Head Coach Leah Pinette:  No.  I remember when the final score used to be 75% routine score and 25% figures score here in the US. We’ve seen a decline in figure ranking on the international level because we lost our focus on the basic technical skills of our sport.  So, USA Synchro decided to put 50% of the score on figures and 50% on the routines as a way to get athletes and coaches to work more on figures. 
ANA Synchro:  This emphasis on figures must be challenging for any coach because the girls probably prefer working on routines, right? 
Head Coach Leah Pinette:  Yes, they do tend to want to work on routines!  I suppose I can understand that.  It’ harder, mentally, to work on figures and technical skills than a routine.  But if the girls want to have great routines, they have to be able to do a ballet leg correctly and know how to scull and spin correctly.  And the more advanced they get, the more critical it is to have a strong foundation of basics to be able to learn those harder technical skills.  So, every week when I write the practice plans, I put in there how much time we’re going to work on figures and how much time we’re going to work on routines so everybody knows the plan.  For Age Group athletes, it’s about 50-50.  For Intermediates, it’s about 75% figures and technical work, and 25% routines. 
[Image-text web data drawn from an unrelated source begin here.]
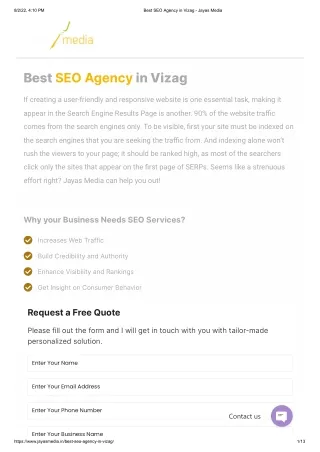 Best SEO Agency in Vizag - Jayas Media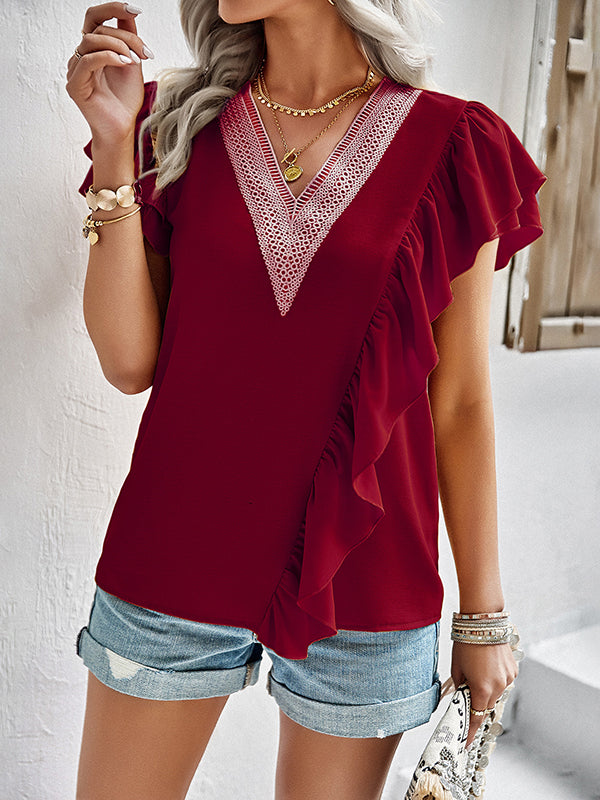 Applique Split-Joint Loose Short Sleeves V-Neck T-Shirts Tops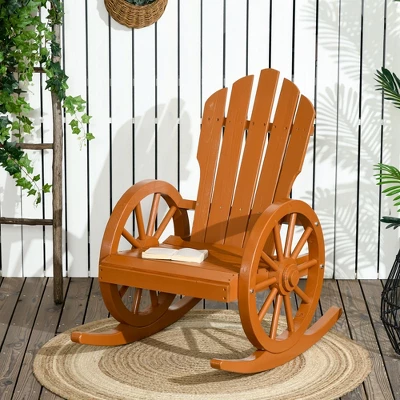 Outsunny Adirondack Rocking Chair With Slatted Design And Oversize Back For Porch, Poolside, Or Garden Lounging, Teak 2 Outsunny Adirondack Rocking Chair With Slatted Design And Oversize Back For Porch, Poolside, Or Garden Lounging, Teak - Image 2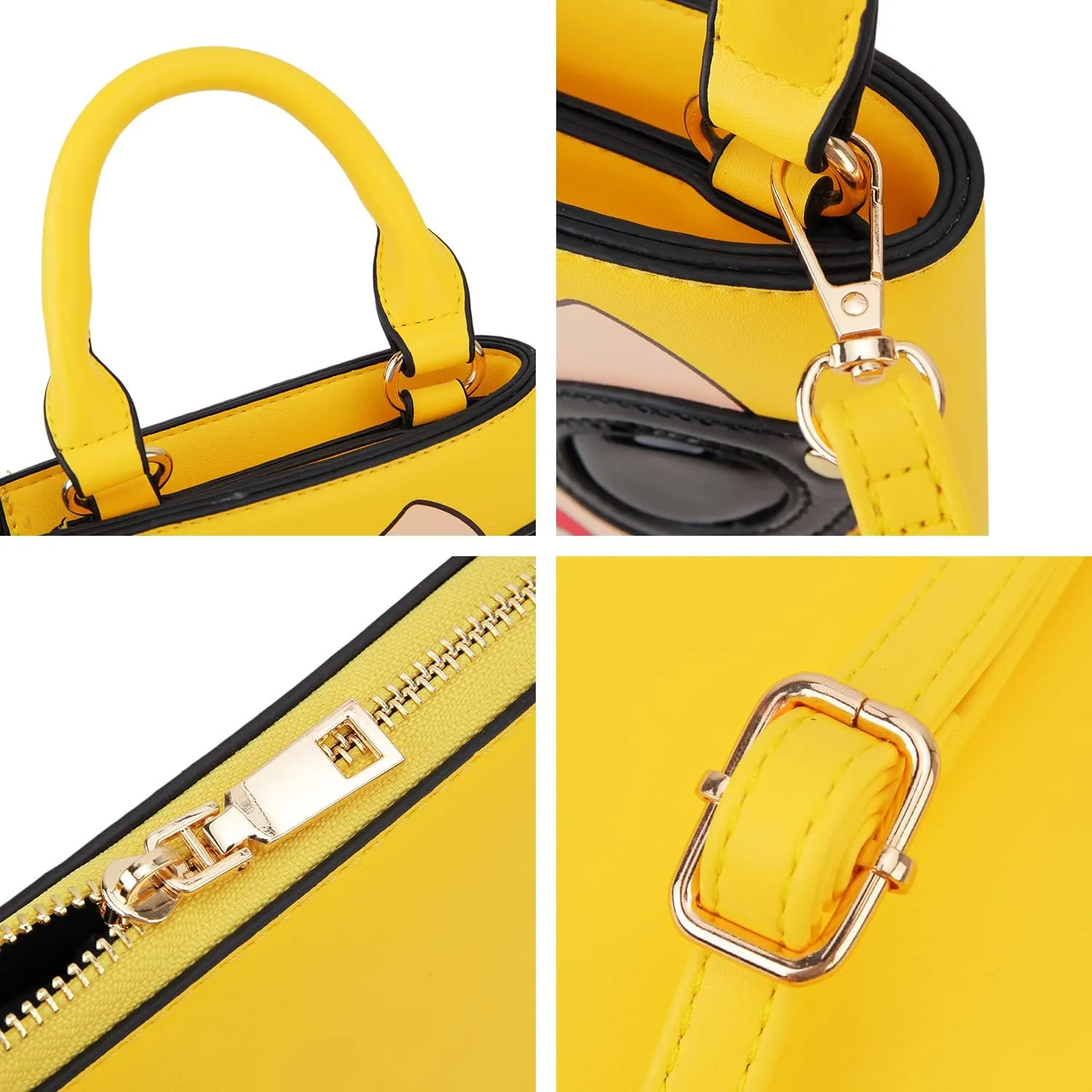 Women Novelty Lady Face Shoulder Bags Funky PU Leather Top Handle Satchel Handbags Clutch Purse for Women
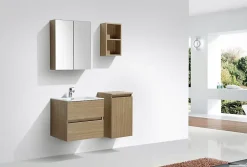 Armoire de toilette bloc-miroir SIENA largeur 60 cm chêne clair texture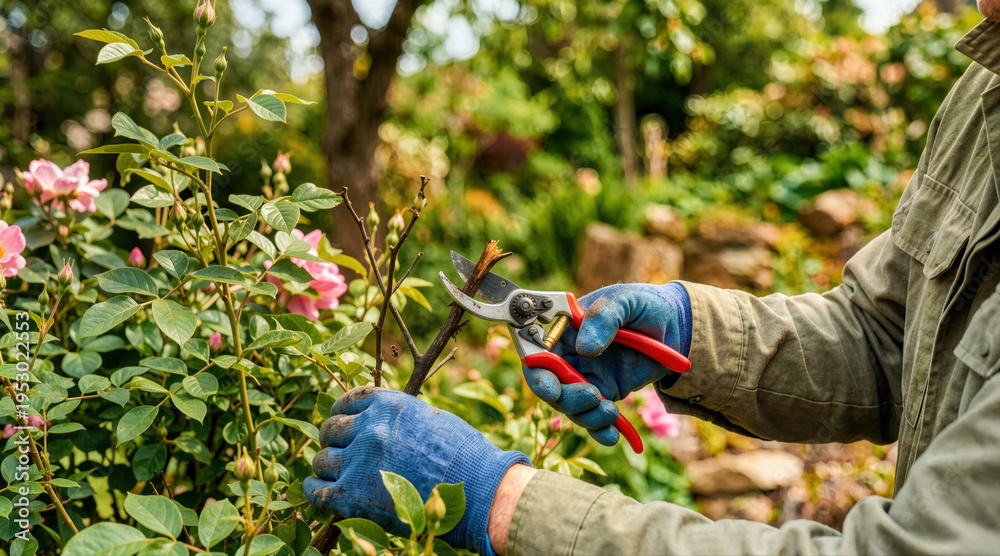 Obraz premium Gardener hands in blue gloves using red pruning shears to cut a branch. Close up of trimming a rose bush in a sunny summer garden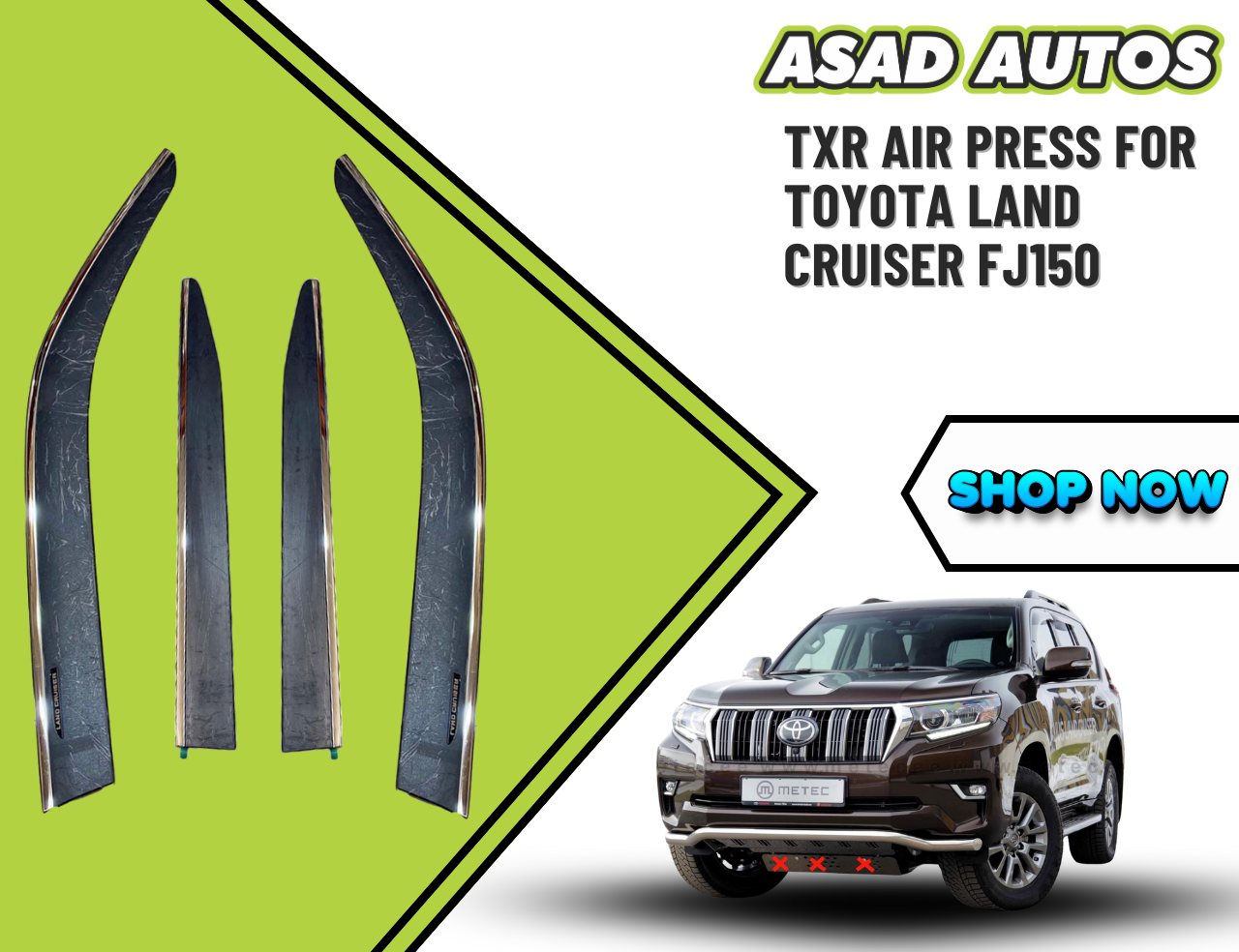 TXR Air Press for Toyota Land Cruiser FJ150 – Smoked Window Visors for Wind & Rain Protection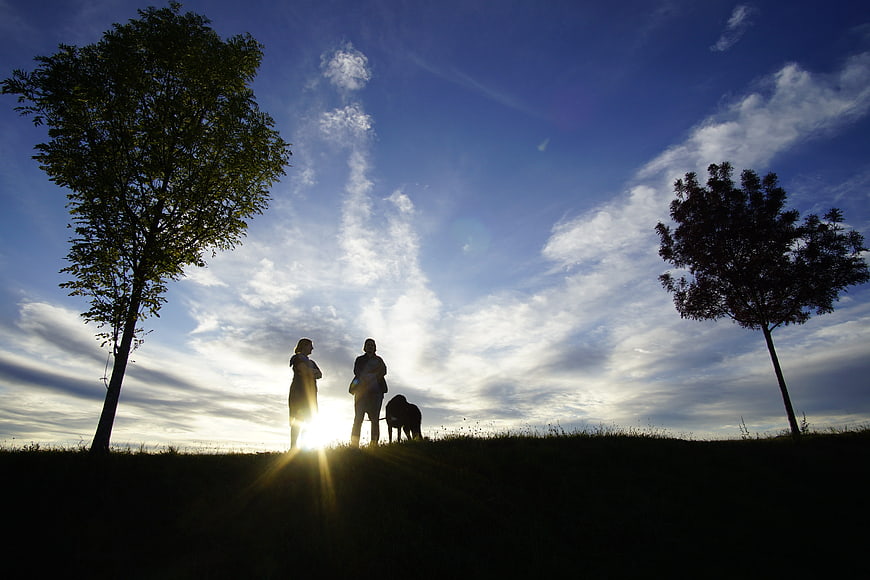 Silhouette of Two People and Dog on Hill at Sunset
ANA Synchro:  How did you feel about working on figures when you were an athlete? 
Head Coach Leah
I really enjoyed figures because I was more of a technical swimmer.  I didn’t necessarily enjoy practicing figures though!  You don’t move around as much practicing figures so I was always cold and shivering!  But I loved doing them because they calm your mind and calm your heart rate.  I think I excelled at them because I could just focus on what I was doing at the time, at the slower pace, and think of what I could do to improve.  Now, as a coach, I have discovered that while I do love routines and the choreography side of synchro, I really love teaching the technical side of synchro.  I think the girls have figured this out by how much time we spend on them!  I still get the questions from them “when can we do routines?”, but all our work on basics and figures are paying off.  Everyone’s figures scores are improving, and I think the athletes are starting to make the connection that strong technical skills mean they’ll have stronger routines. This means they can do more advanced and exciting routines!